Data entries
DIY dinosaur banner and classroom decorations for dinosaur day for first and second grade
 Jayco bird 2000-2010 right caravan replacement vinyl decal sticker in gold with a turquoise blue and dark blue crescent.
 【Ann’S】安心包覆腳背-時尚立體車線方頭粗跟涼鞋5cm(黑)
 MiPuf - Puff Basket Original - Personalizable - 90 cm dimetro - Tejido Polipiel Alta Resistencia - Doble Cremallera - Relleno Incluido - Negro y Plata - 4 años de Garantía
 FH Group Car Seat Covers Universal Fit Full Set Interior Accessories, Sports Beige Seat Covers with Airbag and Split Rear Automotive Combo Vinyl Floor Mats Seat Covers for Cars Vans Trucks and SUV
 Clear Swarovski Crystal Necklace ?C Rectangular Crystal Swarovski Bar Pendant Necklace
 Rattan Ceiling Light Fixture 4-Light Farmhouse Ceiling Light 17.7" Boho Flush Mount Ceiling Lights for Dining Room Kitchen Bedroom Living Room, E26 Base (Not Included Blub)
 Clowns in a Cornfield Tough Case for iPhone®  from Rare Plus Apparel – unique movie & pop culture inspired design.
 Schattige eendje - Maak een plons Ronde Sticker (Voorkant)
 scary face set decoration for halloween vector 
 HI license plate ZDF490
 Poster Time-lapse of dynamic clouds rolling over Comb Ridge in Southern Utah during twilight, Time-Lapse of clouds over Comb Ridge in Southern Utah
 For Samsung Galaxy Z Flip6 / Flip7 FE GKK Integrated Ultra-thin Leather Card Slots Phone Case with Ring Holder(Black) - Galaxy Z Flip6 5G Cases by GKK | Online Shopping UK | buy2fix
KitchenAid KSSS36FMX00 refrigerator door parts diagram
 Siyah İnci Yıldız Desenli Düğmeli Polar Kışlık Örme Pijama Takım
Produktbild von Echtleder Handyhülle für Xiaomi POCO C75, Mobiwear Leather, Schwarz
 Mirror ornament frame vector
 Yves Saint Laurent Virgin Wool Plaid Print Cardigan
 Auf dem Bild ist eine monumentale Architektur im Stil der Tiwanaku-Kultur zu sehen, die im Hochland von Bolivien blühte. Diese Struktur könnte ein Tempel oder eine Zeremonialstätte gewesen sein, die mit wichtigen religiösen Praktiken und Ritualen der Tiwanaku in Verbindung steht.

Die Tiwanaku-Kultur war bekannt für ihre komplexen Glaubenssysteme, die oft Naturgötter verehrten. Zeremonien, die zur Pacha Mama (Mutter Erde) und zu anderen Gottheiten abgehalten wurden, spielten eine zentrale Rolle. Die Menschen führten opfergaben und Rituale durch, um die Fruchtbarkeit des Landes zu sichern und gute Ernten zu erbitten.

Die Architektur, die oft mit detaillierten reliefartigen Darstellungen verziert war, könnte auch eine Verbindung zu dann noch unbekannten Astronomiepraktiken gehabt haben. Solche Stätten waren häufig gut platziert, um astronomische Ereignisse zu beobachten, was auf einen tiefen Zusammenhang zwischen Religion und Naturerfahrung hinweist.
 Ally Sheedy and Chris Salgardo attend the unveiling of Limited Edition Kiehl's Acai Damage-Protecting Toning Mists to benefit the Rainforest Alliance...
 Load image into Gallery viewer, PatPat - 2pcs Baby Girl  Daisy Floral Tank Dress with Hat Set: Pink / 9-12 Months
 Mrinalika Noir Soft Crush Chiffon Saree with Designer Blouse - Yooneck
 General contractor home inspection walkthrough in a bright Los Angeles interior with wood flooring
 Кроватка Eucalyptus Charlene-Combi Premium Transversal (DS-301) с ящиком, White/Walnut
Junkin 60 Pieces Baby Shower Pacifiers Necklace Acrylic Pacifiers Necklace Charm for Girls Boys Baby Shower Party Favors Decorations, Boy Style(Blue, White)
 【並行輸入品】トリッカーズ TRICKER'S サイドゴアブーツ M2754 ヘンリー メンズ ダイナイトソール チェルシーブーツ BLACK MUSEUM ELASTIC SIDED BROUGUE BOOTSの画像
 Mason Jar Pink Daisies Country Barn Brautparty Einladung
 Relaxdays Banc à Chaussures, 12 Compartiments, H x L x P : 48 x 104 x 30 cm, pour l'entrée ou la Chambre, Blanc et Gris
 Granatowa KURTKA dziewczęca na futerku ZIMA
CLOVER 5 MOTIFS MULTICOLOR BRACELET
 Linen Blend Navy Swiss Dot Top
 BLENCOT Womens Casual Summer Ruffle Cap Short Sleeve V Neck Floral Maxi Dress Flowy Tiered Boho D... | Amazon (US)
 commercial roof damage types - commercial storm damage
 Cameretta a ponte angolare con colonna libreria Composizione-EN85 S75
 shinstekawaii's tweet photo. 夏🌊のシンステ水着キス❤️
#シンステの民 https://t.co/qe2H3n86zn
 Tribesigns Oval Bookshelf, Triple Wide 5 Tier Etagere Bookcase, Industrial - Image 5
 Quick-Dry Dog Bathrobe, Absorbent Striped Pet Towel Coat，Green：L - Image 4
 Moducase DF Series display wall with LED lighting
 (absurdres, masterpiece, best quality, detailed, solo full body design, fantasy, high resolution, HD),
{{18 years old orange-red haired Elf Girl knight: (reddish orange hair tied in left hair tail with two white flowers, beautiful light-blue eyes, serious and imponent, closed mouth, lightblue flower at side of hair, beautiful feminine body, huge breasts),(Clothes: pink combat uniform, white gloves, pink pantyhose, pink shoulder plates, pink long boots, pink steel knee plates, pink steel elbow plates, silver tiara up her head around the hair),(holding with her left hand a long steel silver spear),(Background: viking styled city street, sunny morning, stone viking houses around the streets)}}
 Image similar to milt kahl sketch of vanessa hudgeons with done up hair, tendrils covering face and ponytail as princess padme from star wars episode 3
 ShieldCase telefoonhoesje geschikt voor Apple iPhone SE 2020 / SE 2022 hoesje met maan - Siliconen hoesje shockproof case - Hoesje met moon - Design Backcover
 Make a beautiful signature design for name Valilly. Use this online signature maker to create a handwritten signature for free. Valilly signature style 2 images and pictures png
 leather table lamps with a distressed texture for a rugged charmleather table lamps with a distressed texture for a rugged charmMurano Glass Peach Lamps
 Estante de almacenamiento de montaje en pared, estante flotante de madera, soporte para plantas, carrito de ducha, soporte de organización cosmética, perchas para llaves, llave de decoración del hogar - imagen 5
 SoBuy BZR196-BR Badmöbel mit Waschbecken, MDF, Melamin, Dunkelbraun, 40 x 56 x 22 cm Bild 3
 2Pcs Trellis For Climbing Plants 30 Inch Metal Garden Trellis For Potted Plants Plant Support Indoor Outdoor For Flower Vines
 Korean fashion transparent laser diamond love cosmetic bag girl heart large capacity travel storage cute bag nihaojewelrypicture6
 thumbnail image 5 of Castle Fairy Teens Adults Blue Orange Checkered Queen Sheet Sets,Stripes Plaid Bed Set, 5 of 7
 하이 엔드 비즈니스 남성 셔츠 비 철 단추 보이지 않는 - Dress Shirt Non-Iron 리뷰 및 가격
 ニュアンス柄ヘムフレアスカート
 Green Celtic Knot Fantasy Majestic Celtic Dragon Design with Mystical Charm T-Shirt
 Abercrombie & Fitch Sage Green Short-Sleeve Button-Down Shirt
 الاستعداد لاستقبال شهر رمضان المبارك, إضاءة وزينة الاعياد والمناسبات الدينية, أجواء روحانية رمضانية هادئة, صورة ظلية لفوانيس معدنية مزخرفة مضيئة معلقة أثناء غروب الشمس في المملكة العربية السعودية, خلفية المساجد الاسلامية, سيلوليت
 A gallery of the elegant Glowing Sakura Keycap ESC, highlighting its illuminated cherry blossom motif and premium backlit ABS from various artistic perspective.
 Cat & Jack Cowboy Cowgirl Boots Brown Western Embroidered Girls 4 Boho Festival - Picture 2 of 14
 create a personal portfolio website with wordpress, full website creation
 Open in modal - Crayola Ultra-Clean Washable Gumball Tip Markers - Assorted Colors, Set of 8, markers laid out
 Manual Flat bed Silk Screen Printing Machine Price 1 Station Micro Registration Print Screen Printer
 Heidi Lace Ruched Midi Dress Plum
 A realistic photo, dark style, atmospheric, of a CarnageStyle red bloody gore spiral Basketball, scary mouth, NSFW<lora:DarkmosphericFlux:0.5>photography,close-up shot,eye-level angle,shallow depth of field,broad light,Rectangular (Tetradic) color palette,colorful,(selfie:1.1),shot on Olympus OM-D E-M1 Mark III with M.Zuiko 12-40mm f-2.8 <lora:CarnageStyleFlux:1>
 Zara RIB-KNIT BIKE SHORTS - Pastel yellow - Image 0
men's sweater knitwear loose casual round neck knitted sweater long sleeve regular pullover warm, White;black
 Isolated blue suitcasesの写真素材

_Problem:_
Above are the entries. Copy exactly the part that opens with the line containing "BLENCOT Womens Casual" and closes with the line containing "#シンステの民 https://t.co/qe2H3n86zn", and no more.

_Solution below:_
 BLENCOT Womens Casual Summer Ruffle Cap Short Sleeve V Neck Floral Maxi Dress Flowy Tiered Boho D... | Amazon (US)
 commercial roof damage types - commercial storm damage
 Cameretta a ponte angolare con colonna libreria Composizione-EN85 S75
 shinstekawaii's tweet photo. 夏🌊のシンステ水着キス❤️
#シンステの民 https://t.co/qe2H3n86zn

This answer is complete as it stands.